07年度名目成長率を2.1%に下方修正=内閣府試算
[東京 6日 ロイター] 内閣府は6日夕の経済財政諮問会議に提出した2007年度政府経済見通しの年央改定で、国内総生産(GDP)の実質成長率をプラス2.1%に上方修正する一方、名目は同2.1%に下方修正した。GDPデフレーターは前年度比0.2%から0.0%に下方修正。
2007年度の「名実逆転」現象は解消せず、デフレ脱却時期が当初の想定より後ズレしていることを認めた格好。
1月に閣議決定した2007年度政府経済見通しで政府は当初、年度ベースでは1997年度以来10年ぶりに名目成長率が実質成長率を上回ると予想、デフレからの脱却を展望していた。しかし、「足元賃金の伸びが予想より低位にとどまっていることや、原油高や為替の円安で輸入物価の上昇幅が当初予想より上振れると見込める」(内閣府幹部)ことなどから、GDPデフレーターを下方修正した。
消費者物価指数(総合)も当初見通しの前年比プラス0.5%から、同プラス0.0%に下方修正した。消費財関連需給の改善が当初見込みより遅れていることや、賃金の伸びが予想より低位にとどまっていることが背景。一方で、国内企業物価は、国際的な需給引き締まりで当初見通しの前年比プラス0.7%から同プラス1.4%に大幅上方修正した。

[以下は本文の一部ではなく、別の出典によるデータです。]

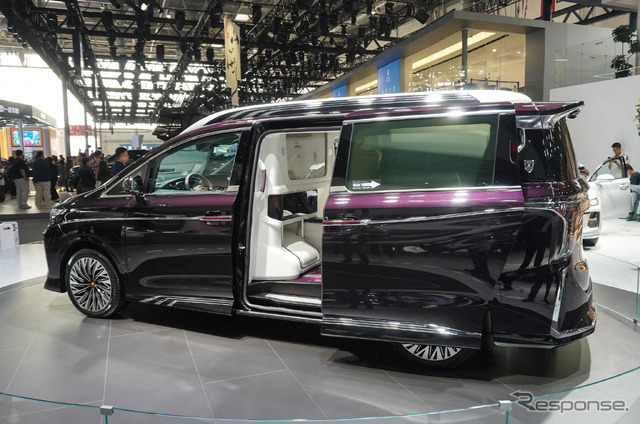 紅旗 EQ9 PHEV 定制(北京モーターショー2024)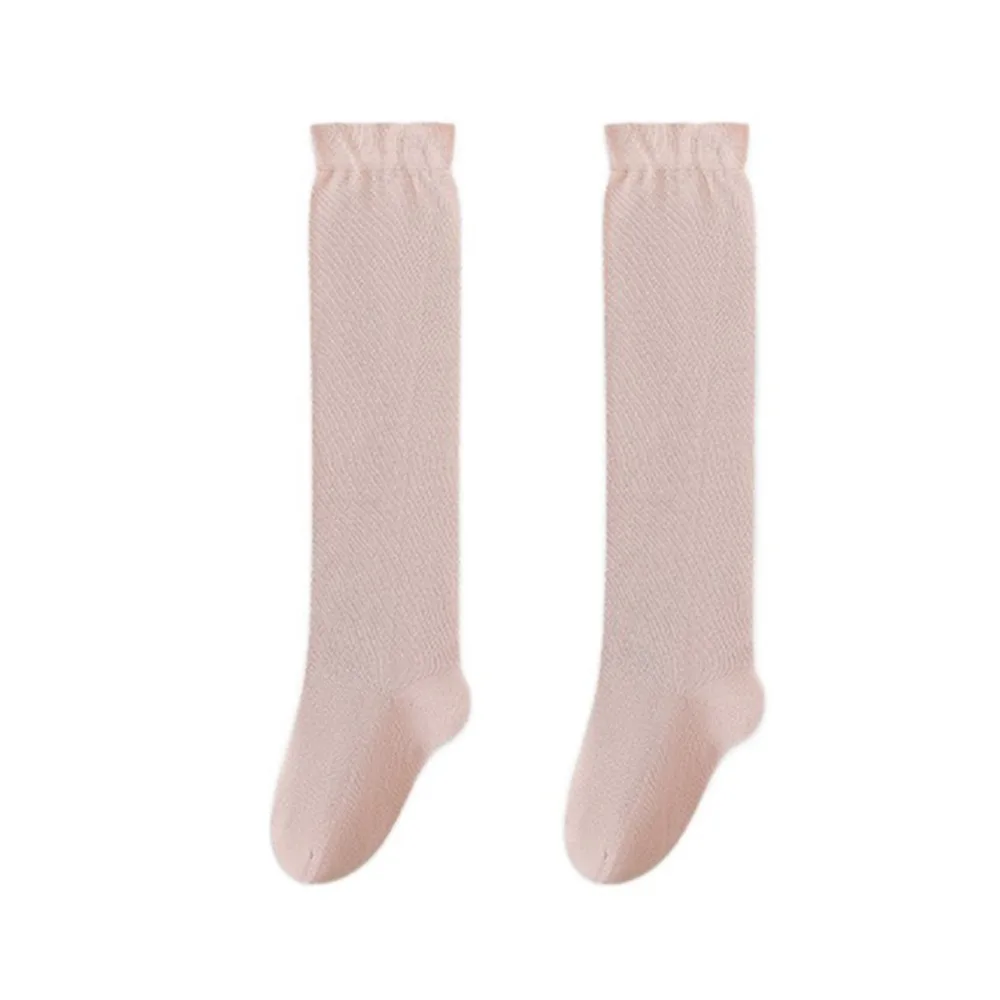 

Loose Fit High Tube Sleep Socks Non-Slip Bottom Thickened Warm Stockings Enhance Sleep Breathable Leg Warmers Sleep Time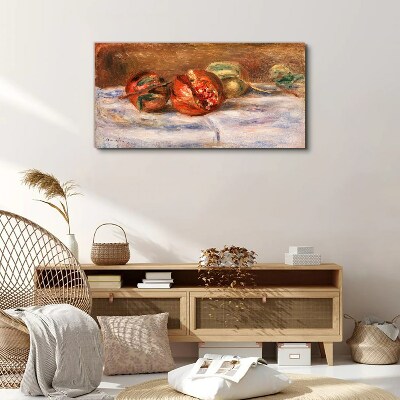Fruit still lifes Canvas print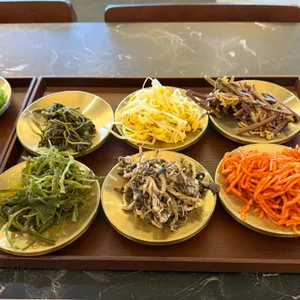 백년보리밥 사진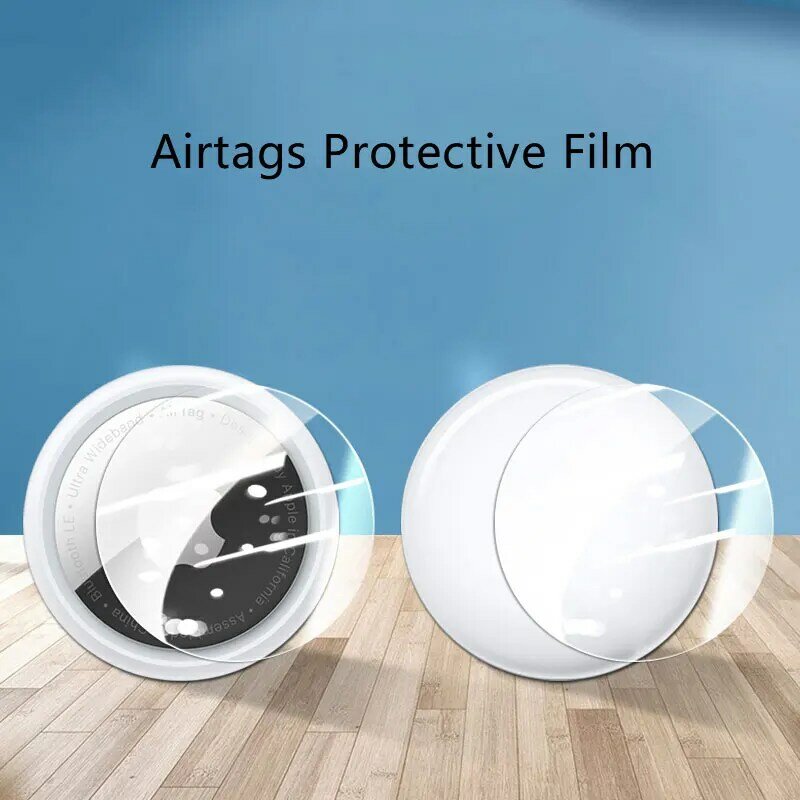 TPU Soft Hydrogel Film para Airtag, Locator Tracker, Screen Sticker, Protective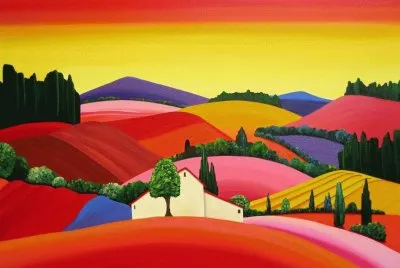 Colorful Countryside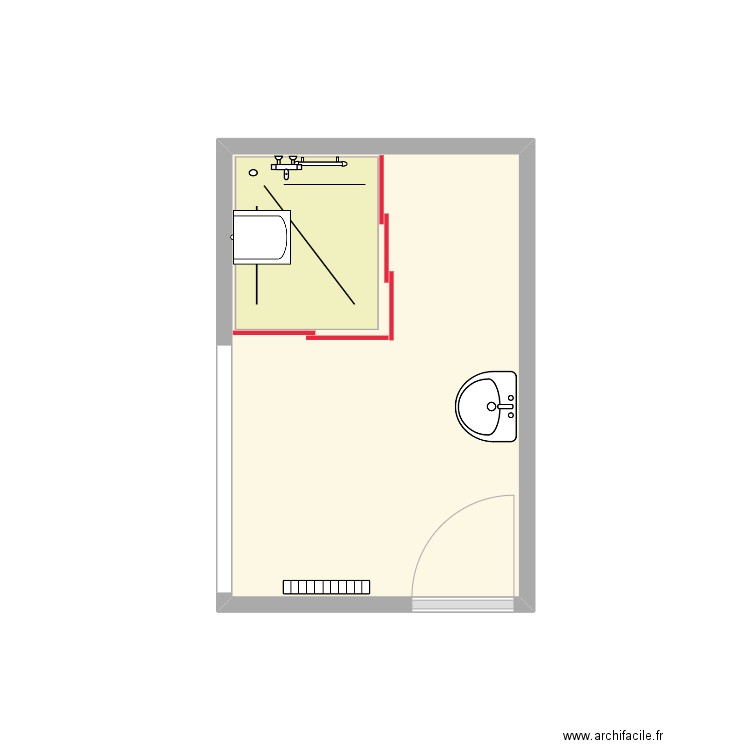 Projet_Ruffenach. Plan de 0 pièce et 0 m2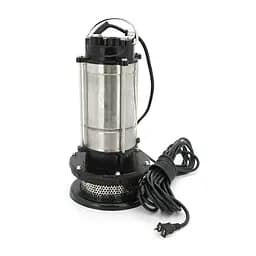 Занурювальний насос 1500W 220V до 4 м³/год підйом до 30 м 25 мм нержавіюча сталь 410х200х230 мм 11.5 кг. + перехідник - мініатюра 3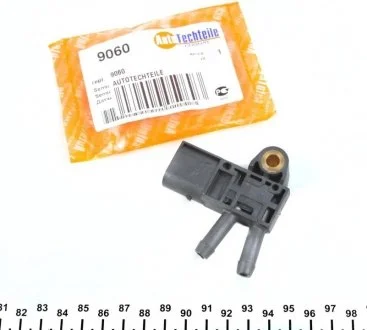 Датчик давления выхлопных газовых MB Sprinter OM651/OM642 09- (9060) AUTOTECHTEILE 100 9060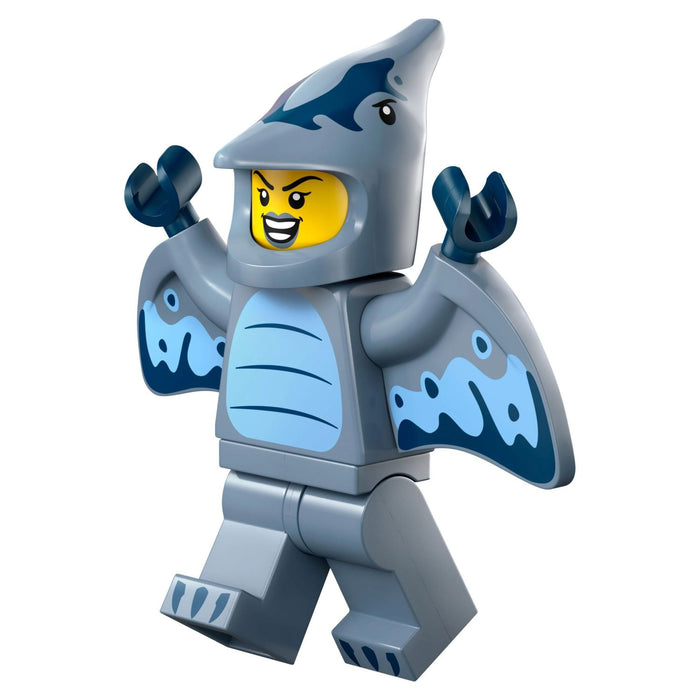 Lego 71048 Series 27 Collectible Minifigure #6 Pterodactyl Costume Fan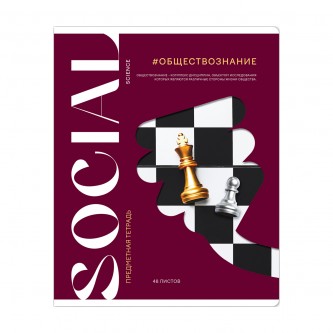 Тетрадь предметная 48л. ArtSpace 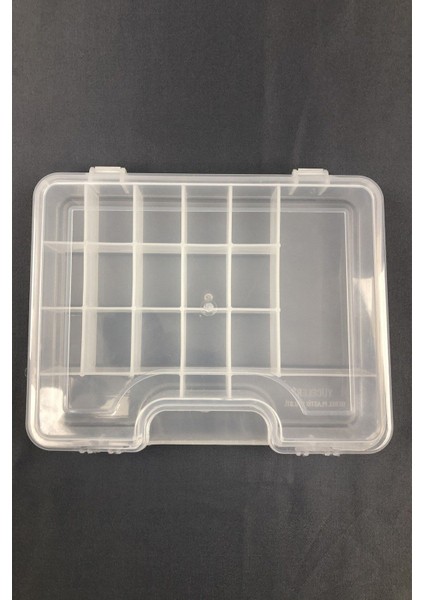 Şeffaf ve Şık Plastik Takı Düzenleyici, Gri Renk Seçeneğiyle Kolay Kullanım fiyatları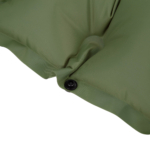 2E Tactical Inflatable sleeping folding mat, air pump system, green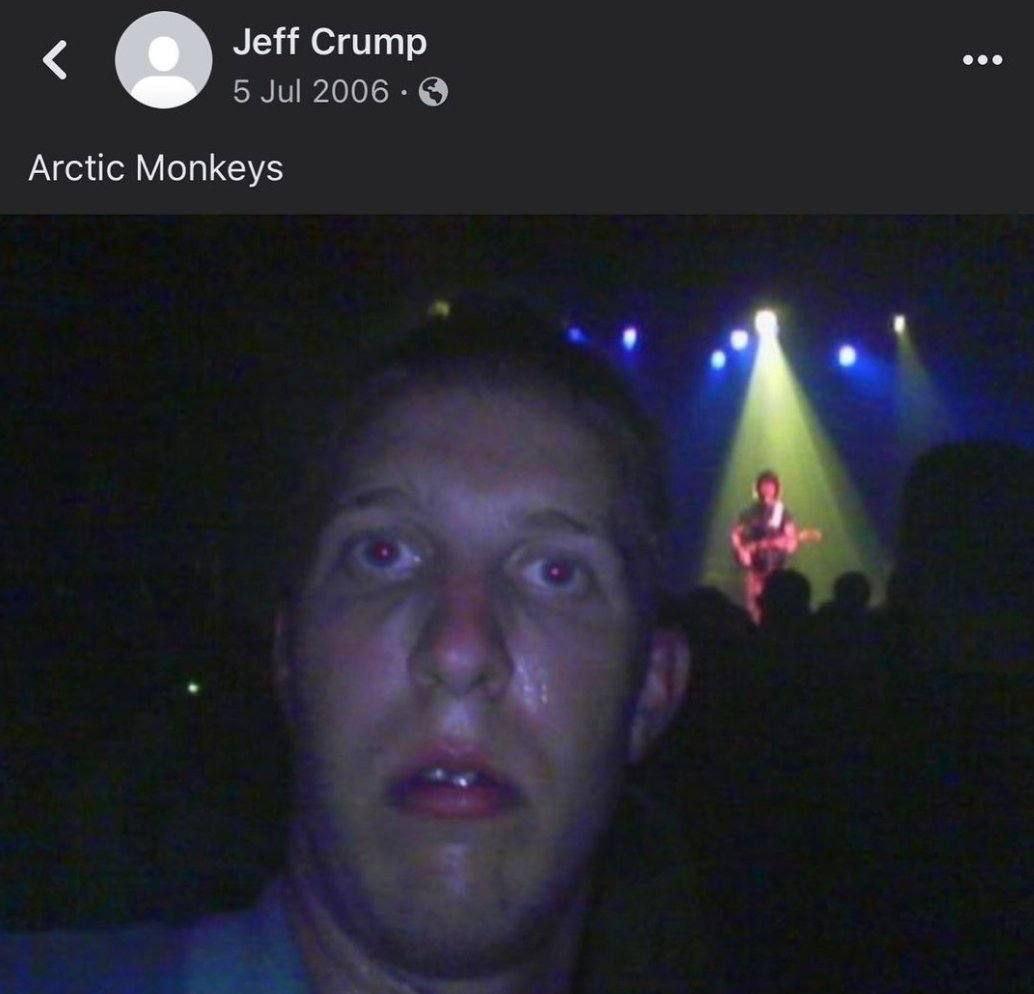 Jeff Crump 5 Jul 2006 Arctic Monkeys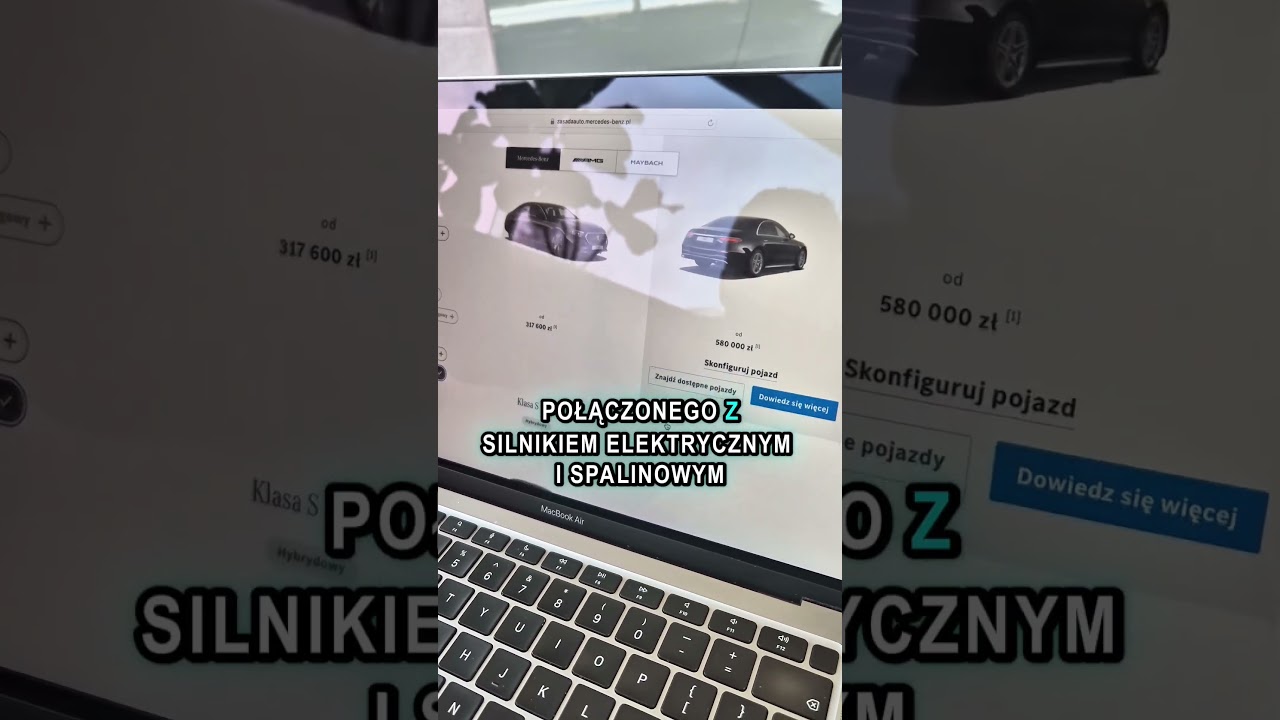 Koniec kompromis&oacute;w #MercedesBenz #Shorts #Mercedes
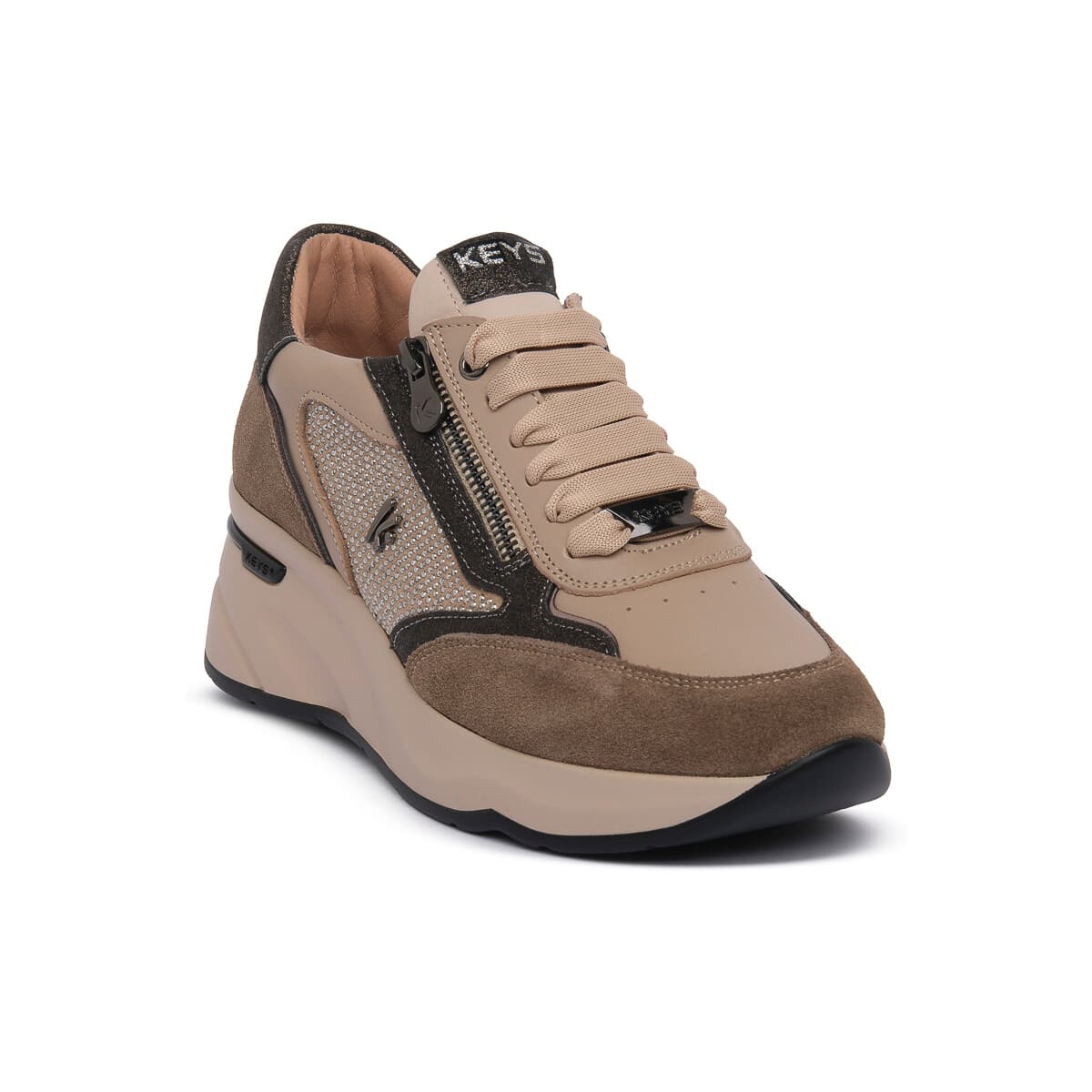 Xαμηλά Sneakers Keys TAUPE ROSY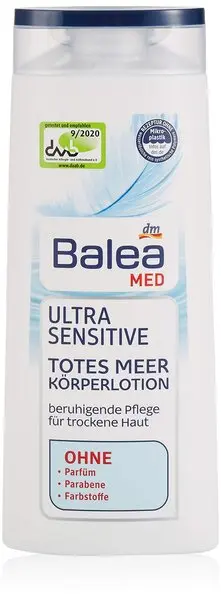 Balea Balea Med Ultra Sensitive Totes Meer Hautpflegecreme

年央改定を踏まえた2007年度経済について内閣府では「世界経済の着実な回復が続く下、企業部門・家計部門ともに改善が続き、民間需要中心の経済成長が持続すると見込まれる」としている。引き続き「原油価格や世界経済動向等が経済に与える影響には注意する必要がある」としているが、デフレ脱却については「脱却が視野に入っている中で、デフレ脱却に向けた動きが着実に続いていく」(幹部)とみている。
内閣府による政府経済見通しの年央改定は、2008年度予算の概算要求基準(シーリング)策定のために内閣府が独自試算するもので、閣議決定は行わない。